On two parchment-lined sheet trays, divide the pecan halves into 30 piles, about 3-4 pecans for each pile. Evenly top with the chopped pecans, and set aside.
Slice the butter and add it to a dutch oven or medium-sized pot along with the brown sugar, granulated sugar, and corn syrup.
Bring to a low boil over medium heat, stirring constantly.
Add the sweetened condensed milk, and mix it in well. Continue to cook, constantly stirring, so it doesn’t burn, until the mixture reaches 240°F.
Take off the heat, and continue to stir until it begins to thicken, 5 minutes. Stir in the vanilla.
Working quickly, drizzle about ½ tablespoon of the caramel over the piles of pecans. Try to drizzle the caramel over all the pecan pieces so they stick together. Repeat with the remaining pecans and caramel.

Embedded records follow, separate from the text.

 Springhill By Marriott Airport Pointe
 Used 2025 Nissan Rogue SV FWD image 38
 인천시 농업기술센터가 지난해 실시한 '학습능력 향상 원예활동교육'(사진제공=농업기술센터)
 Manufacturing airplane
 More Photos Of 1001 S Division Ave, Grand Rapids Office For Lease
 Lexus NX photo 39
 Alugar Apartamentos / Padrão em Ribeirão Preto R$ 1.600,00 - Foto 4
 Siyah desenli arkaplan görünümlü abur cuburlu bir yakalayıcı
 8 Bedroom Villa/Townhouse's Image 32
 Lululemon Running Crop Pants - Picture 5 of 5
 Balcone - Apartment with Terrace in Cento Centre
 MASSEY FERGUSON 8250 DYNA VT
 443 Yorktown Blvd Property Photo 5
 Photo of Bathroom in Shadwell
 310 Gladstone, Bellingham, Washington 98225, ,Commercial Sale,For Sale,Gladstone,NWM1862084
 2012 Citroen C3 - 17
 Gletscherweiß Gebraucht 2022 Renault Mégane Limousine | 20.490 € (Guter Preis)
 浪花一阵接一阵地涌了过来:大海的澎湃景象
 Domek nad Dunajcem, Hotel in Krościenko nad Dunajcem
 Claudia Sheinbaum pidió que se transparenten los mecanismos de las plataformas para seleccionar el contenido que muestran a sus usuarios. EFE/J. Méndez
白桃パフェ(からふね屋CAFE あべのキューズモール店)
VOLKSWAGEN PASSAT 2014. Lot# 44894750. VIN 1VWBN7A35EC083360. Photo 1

Let the candy sit for about 30 minutes until the caramel is set. You can also place them in the refrigerator to speed up the process.
In a medium-sized bowl, add the chocolate chips and shortening. Microwave in 15-second intervals, stirring in between until smooth.
Use a 1 teaspoon measuring spoon and dollop the melted chocolate into the center of each turtle, smooth it out slightly. You will use about ½ - ¾ teaspoon of chocolate for each one.
Let the turtles sit out at room temperature for 2-3 hours, or you can pop the trays into the refrigerator for 1 hour to set. Enjoy immediately, or store between layers of parchment paper in an airtight container.